Why wouldn't it be a good idea, assuming we had tools capable of scaling indefinitely? We currently split large codebases into "repos" that are effectively isolated even though they're logically connected, and it would often be useful to do, say, atomic commits across them. This seems like a limitation of our current tools, not an intrinsically good thing.
The hypothetical infinitely scaling tool would just be inevitably be functionally equivalent to splitting repos. Basically all you would be doing is swapping around terminology. Instead of "here is Foo, our great big git system which stores thousands of repos" you would be saying "here is our Foo repo, it stores thousands of projects". Objections that git cannot be used because a git repo cannot hold as much data as a Perforce repo are more or less based in improper strict mapping of terminology ("we have a single perforce repo, so we must have a single git repo").
In other words, that those infinitely scaling systems already exist, and they are built on top of git (or hypothetically Hg, though I cannot think of any examples).

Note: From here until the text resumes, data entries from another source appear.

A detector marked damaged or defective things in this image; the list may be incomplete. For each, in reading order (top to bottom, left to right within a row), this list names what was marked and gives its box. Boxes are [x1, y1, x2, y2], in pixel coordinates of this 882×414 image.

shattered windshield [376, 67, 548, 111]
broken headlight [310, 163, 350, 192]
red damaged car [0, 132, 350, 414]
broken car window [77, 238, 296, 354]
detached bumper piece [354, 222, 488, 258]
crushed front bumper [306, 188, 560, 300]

For one publicly visible example of the sort of thing that I am talking about, look into how Android development works. Android is 'in git', even though it is too large for a 'single' git repo.
(Note that due to the ways that code and resposibility is typically organized, most organizations are probably in a situation where migrating from a single monolith repo to many git repos would be a conceptually straightforward task, provided that they can break from the conceptual notion of having a 'single' repo. Atomic commits across repos are the primary pain-point, but you would be surprised how much that disappears as you grow use to working with many repos. Supporting a strong notion of versioned dependencies between packages goes a long way.)

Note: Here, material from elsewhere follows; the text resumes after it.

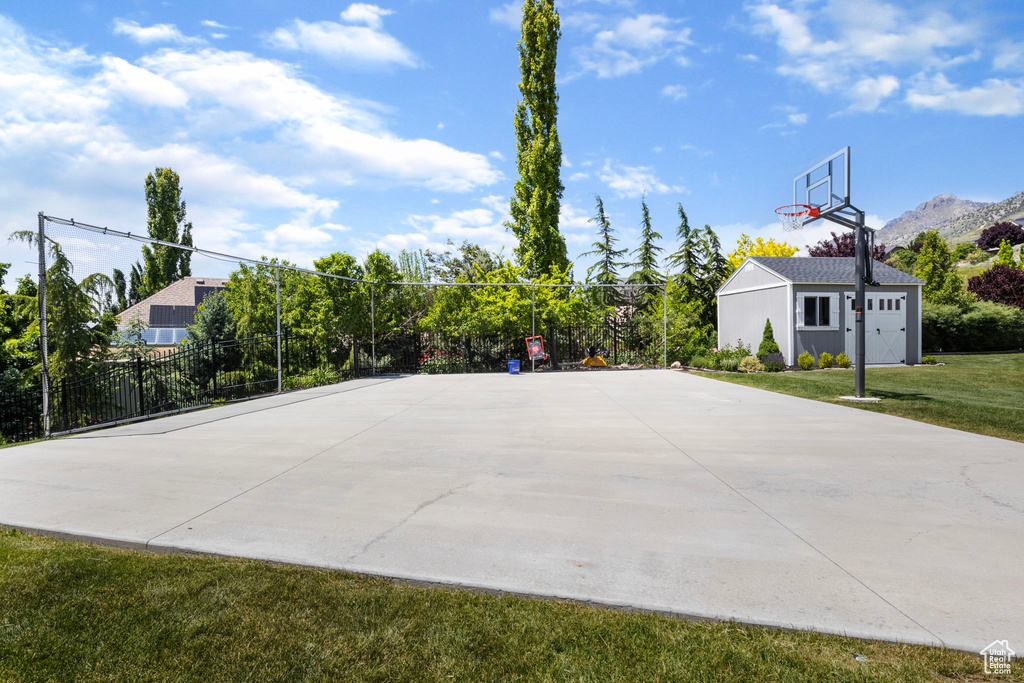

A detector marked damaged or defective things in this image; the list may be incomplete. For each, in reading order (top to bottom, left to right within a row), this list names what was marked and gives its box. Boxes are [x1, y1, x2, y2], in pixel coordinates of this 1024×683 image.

Thanks for the pointer to Android, I hadn't looked at how that was organized before.
I agree that atomic commits are a red herring. They're nice to have, but by the time you outgrow a single git repo, you also have projects with different release schedules, and once you have that, you have to deal with version skew anyway, and then you don't really need atomic commits.

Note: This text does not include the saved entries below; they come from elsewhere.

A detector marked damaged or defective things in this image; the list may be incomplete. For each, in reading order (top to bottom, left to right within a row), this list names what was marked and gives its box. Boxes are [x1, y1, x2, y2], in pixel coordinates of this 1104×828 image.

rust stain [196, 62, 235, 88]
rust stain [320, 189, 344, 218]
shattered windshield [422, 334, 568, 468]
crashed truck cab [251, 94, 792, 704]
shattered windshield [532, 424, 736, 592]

I disagree that "those infinitely scaling systems already exist," though. Looking at Android, they had to build a nontrivial wrapper around git to make it work, and it's not totally transparent. You have to think about when to use 'repo' and when to use 'git', and where the boundaries between repos are.
There are huge benefits to having everything be in one giant pile of code and being able to import and sometimes modify code from far away parts of the tree with minimal overhead. The key is to let any directory be a "project" that you can refer to, without any arbitrary distinction between top-level project directories and others. This lets you do things like spin out a part of a project as a semi-independent library without moving files around or creating new repos.
There are some downsides too, of course. Google eventually broke from this model slightly by introducing components, which had issues of their own. Perhaps Facebook has done it better.
So what you're saying: if you manual manage versions of your dependencies, your _version_ control system works?
I think that's a shame, and it doesn't work very well either. Mercurial does the same thing incidentally (unless facebook have somehow solved that), so it's no better there.
Splitting repos is a pain; perhaps a necessary one, but hardly ideal. It just introduces a bunch of extra administration, and it reduces the power of your VCS primitives (such as branching and merging).
> I think that's a shame, and it doesn't work very well either. Mercurial does the same thing incidentally (unless facebook have somehow solved that), so it's no better there.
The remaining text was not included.